L’un des risques les mieux documentés concerne les cyberviolences : insultes, menaces, diffusion de rumeurs ou d’images humiliantes, usurpation d’identité, chantage, exclusion de groupes, jusqu’au cyberharcèlement répété dans le temps. Ces violences ne sont pas séparées du « monde réel » : elles prolongent souvent des dynamiques scolaires ou de quartier, et profitent de caractéristiques spécifiques du numérique : anonymat ou pseudonymat, omniprésence sur le téléphone, persistance et viralité des contenus. Les adolescents peuvent être tour à tour victimes, auteurs et témoins, dans des rôles mouvants encore mal compris.

​Les conséquences sont lourdes : augmentation des symptômes dépressifs et anxieux, altération du bien‑être, troubles du sommeil, conduites d’automutilation, idées suicidaires et parfois tentatives de suicide. Les filles sont davantage exposées à la cybervictimisation, tandis que les garçons sont plus souvent identifiés comme auteurs, même si ces catégories se recoupent.

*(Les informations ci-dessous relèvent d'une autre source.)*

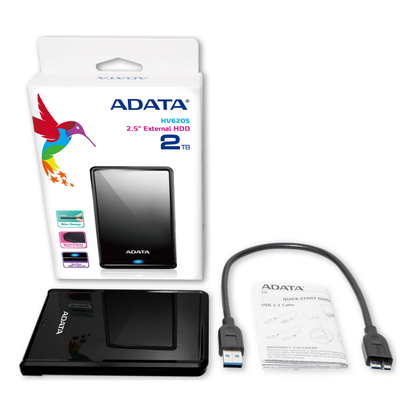 Disco Duro Externo ADATA HV620S 4 TB USB 3.2 Gen 1 2.5 Pulgadas (AHV620S-4TU31-CBK)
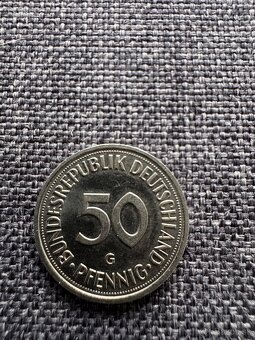 Nemecko - 50 Pfennig 7 ks : 1950, 1966, 1979, 1990, 1992 - 4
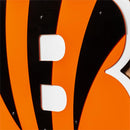 Cincinnati Bengals Layered Metal Wall Art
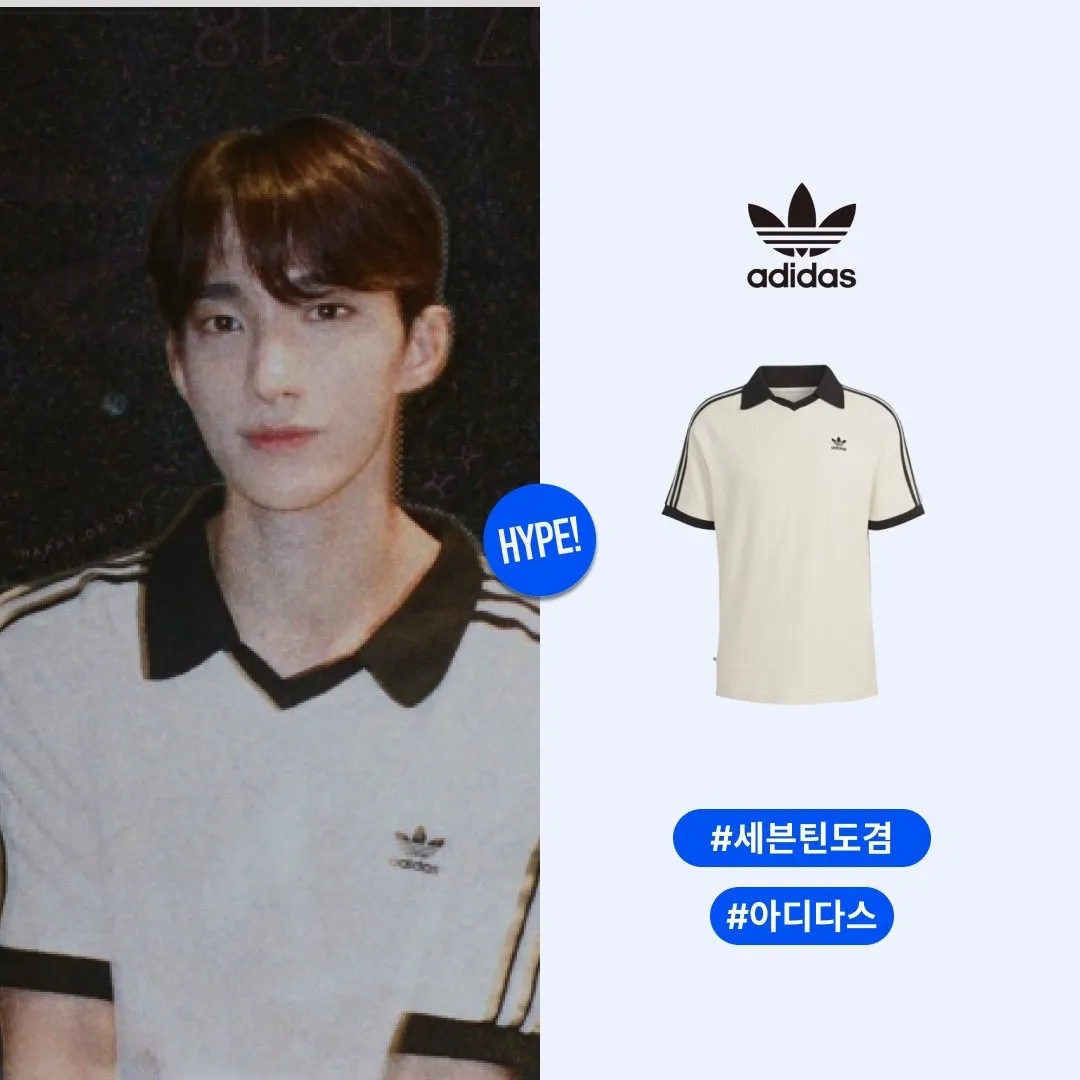 아디다스 아디컬러 클래식 와플 폴로 셔츠 원더 화이트 - US 사이즈 thumbnail 6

À cela s’ajoutent des formes spécifiques de violences sexuelles numériques : sexting non consenti, diffusion de photos intimes, sextorsion, « grooming » par des adultes, qui peuvent entraîner traumatisme psychique, honte intense et risque d’agression sexuelle hors ligne. [article]

Mécanismes d’usage problématique et spirales de dépendance

Le rapport préfère parler d’ « usage problématique »  plutôt que d’addiction, car il n’existe pas encore de consensus international scientifique pour classer l’« addiction aux réseaux sociaux » comme trouble psychiatrique à part entière. Les échelles utilisées convergent toutefois sur deux dimensions : impossibilité de contrôler le temps passé et conséquences négatives sur la vie quotidienne (sommeil, école, relations, santé mentale) [article]. La diversité des questionnaires complique néanmoins les comparaisons et invite à rester prudent sur les chiffres de « prévalence ».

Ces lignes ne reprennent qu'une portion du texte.